An appeal was filed, and a ruling in February 2003 came down in favor of WTVT, who successfully argued that the FCC policy against falsification was not a "law, rule, or regulation", and so the whistle-blower law did not qualify as the required "law, rule, or regulation" under section 448.102 of the Florida Statutes.[8] ... Because the FCC's news distortion policy is not a "law, rule, or regulation" under section 448.102 of the Florida Statutes,[8] Akre has failed to state a claim under the whistle-blower's statute."[6] The appeal did not address any falsification claims, noting that "as a threshold matter ... Akre failed to state a claim under the whistle-blower's statute," but noted that the lower court ruled against all of Wilson's charges and all of Akre's claims with the exception of the whistleblower claim that was overturned.[6

Okay, so let's go over the relevant part: ALL claims were dismissed by the jury, including the false assertion that the station was lying, or a conspiracy with Monsanto existed to fabricate news...EXCEPT for her claim of being a whistleblower because she BELIEVED they were lying... even though the jury found no evidence that they were lying, and dismissed that part of the case.

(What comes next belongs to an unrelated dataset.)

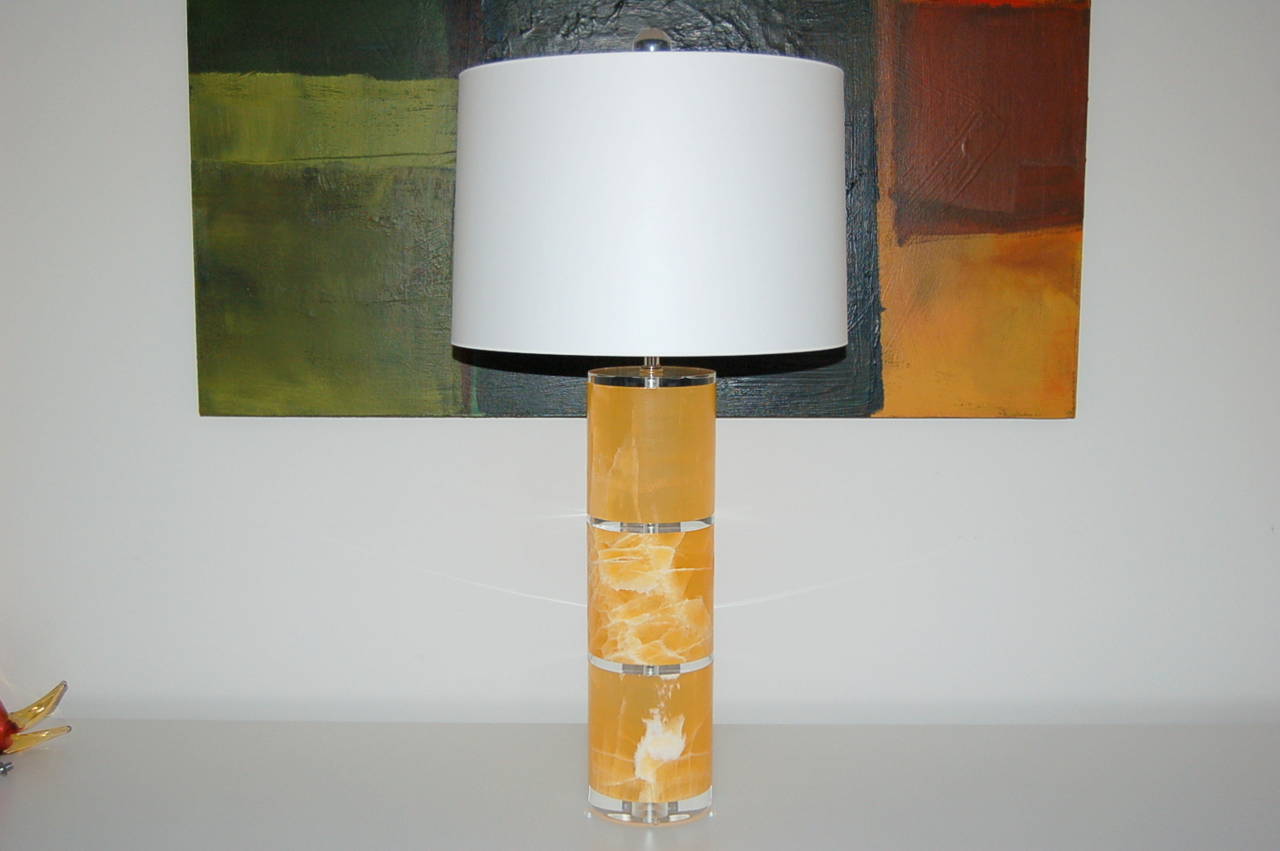 Cylindrical table lamps made of TANGERINE CALCITE by Swank Lighting. Downward facing double-lights shine down onto the Calcite, creating an ethereal glow.

Measure: They stand 33 inches from tabletop to socket top. As shown, the top of shade is 34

Do you understand that? The Jury found NO valid evidence Fox lied, or consipred to distort the story. None. They ONLY found Fox guilty of firing someone who the jury felt BELIEVED they did so, and reported it under the whistleblower laws.

SOOOOOOOO....

When Fox (Actually a local Fox Affiliate) went back on appeal, they had to make a case that even if she BELIEVED she was a whistleblower, she still had no case because there is no law dictating that news stations have to be factual in the first place... even though the jury found NO EVIDENCE of the station lying.

SOOOOOOOOO...

Fox did NOT, in fact, make a case that they were, and could continue lying. They ONLY made the case that she had no claim under the whistleblower laws because what she BELIEVED they did (and were found to actually NOT have done) was not a crime after all.

I know this is all a bit complicated for you Dave, but as the funny man once said: "I do not think that (case) means what you think it means."

As for her husband? Well, wanna talk about false news reporting???

http://reason.com/archives/2006/05/05/the-strange-case-of-steve-wils

He makes up news stories... just like he and his wife make up whistleblower cases.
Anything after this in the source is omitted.